▶ [TASK] Copy, word for word, the lines of the listing below from the line with "2022 Hyundai ELANTRA Hybrid Limited DCT" up to and including the line with "Outstanding Mahendradatta Denpasar". Drop the pictures.

▶ [EXERCISE DATA]
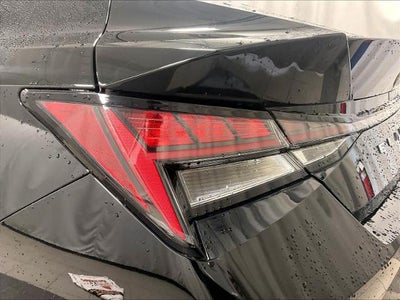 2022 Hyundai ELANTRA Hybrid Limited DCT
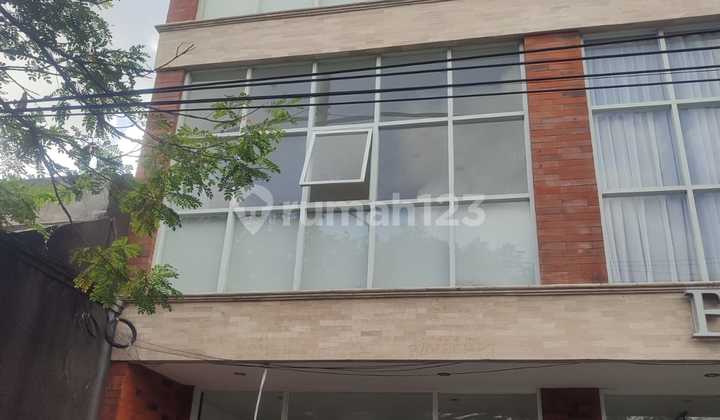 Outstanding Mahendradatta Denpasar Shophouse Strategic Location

...

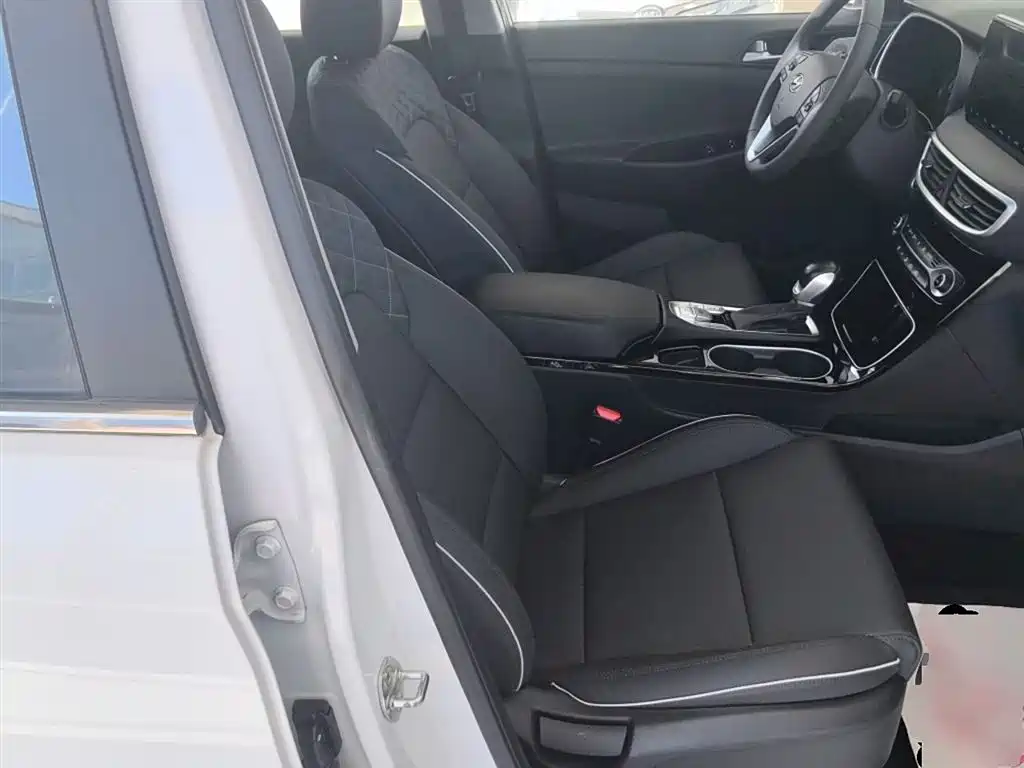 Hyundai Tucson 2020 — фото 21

--

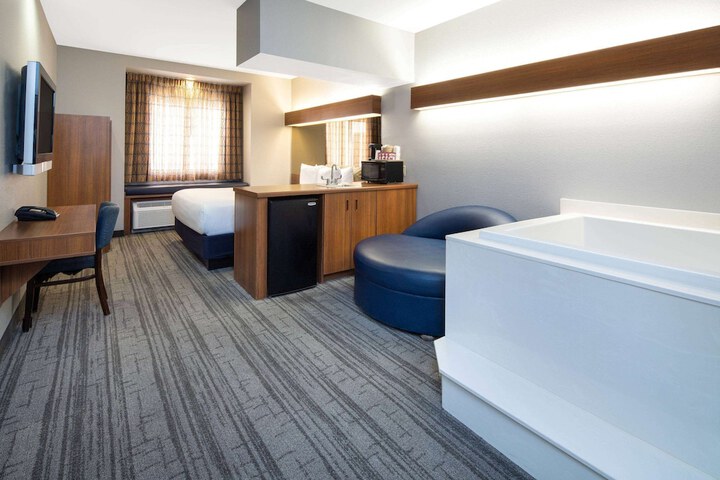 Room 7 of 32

▶ [TASK RESULT]
 2022 Hyundai ELANTRA Hybrid Limited DCT
 Outstanding Mahendradatta Denpasar Shophouse Strategic Location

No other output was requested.